Densho Digital Archive
Densho Visual History Collection
Title: Lloyd K. Wake Interview
Narrator: Lloyd K. Wake
Interviewer: Martha Nakagawa
Location: San Francisco, California
Date: April 7, 2011
Densho ID: denshovh-wlloyd-01-0008

<Begin Segment 8>

MN: Now I'm gonna start asking you about the war. On December 7, (1941), which was a Sunday, what were you doing that day and how did you hear about the bombing of Pearl Harbor?

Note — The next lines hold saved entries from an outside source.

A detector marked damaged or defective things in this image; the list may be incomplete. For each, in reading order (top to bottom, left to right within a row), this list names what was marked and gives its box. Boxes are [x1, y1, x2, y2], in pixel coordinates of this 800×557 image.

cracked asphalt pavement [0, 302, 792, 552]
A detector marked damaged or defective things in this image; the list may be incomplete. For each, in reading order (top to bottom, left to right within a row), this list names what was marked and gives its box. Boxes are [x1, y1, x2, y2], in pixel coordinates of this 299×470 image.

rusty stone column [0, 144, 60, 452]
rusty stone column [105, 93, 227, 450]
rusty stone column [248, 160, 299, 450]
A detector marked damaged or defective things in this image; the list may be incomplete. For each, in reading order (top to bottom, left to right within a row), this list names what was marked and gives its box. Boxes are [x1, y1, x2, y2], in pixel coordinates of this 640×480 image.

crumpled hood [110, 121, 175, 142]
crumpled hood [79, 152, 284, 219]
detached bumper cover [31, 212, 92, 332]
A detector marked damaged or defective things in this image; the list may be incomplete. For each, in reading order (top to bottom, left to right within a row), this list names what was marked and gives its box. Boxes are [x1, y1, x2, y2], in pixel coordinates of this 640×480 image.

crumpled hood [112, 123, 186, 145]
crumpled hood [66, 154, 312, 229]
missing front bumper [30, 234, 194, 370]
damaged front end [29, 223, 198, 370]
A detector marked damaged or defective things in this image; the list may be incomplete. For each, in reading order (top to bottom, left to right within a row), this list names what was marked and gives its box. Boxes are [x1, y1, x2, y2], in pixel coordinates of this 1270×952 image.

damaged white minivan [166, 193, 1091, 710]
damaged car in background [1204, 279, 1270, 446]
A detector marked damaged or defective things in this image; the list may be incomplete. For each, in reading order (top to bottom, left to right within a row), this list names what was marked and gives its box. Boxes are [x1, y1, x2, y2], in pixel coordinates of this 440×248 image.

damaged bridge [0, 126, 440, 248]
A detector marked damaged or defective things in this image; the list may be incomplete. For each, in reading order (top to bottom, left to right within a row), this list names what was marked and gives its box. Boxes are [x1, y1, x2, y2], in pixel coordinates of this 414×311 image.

LW: It was a Sunday afternoon and I had arranged with my Japanese American classmate and buddy in Reedley to pick me up and we would ride together in his car -- he had just purchased a car -- so we would go to a neighboring town of Sanger to watch the, the Japanese American girls' basketball team play basketball. They were in a league of Japanese American teams. And so he came to pick me up right after lunch, and as we were driving towards Sanger we heard the announcement on his car radio about the bombing of Pearl Harbor. We felt, oh, that's, that's really a terrible thing, but it was still something that we could not emotionally relate to because our childhood was one of being hundred percent Americans, this is our land, so we heard, we knew very little about Japan. So we were not really emotionally involved, mentally involved with Japan, so we said, well, it's a bad thing. We'll go on and do Sanger to see, see the basketball game.

MN: No, on this trip to Sanger, or on the way back, did you experience any hostility at all?

LW: Well, we dropped in the Sanger coffee shop just before the game and we heard on the radio the announcements that were coming in about the bombing, but we went right ahead and ordered our coffee and pie. But we began to wonder about these strange looks that the customers were, we seemed to think that they were throwing toward us. They must've known we were Japanese Americans. So that was the one thing we noticed, but we went on there, from there, to the basketball game and after the game we came back home.

MN: How were your family when you came back home? What was their reaction?

LW: Well, we had all gathered, by that time we had all gathered and my dad and mom, the rest of us were very, well, especially my dad and mom were very concerned about the event of that day, and they were shaking their head, they were, I know that they were very anxious about what was going on.

MN: Now, did the FBI pick up any Japanese Americans in the Reedley community?

LW: I don't, I don't believe so. I don't think any of us were, any of the Japanese Americans were picked up.

MN: Now by this time one of your older sisters was married and living in San Francisco. What were you hearing from her?

LW: Well, she, San Francisco, they began to experience some of the fears of, that was being propagated in the, in the media about possible invasion or hostility from Japanese military, so the, they had a, what do you call it, a brownout here in San Francisco, at night. My sister told about having to draw down all the blinds so that no lights would be showing, shown, the city would be browned out. And so she was expressing this kind of fear to our family in Reedley.

MN: Was she writing or did you have a telephone that you were able to communicate with?

LW: My dad was good at writing, so it was mainly by correspondence. Edna, my sister married in San Francisco, would, was good about corresponding. There may have been some phone calls, but I don't remember them. It was primarily letters.

MN: Did your farm have a phone?

LW: Oh yes. We had a phone, one of these farm phones that there several people on the same system, and the old time farm phones we had to crank up the power in order to listen. It was battery operated, so in order to get the electricity to operate the phone we had to power it up by cranking it up with a, with a hand phone, and then we got enough power and we could usually make the connection. But there were others on the line and we had to avoid being on the same line.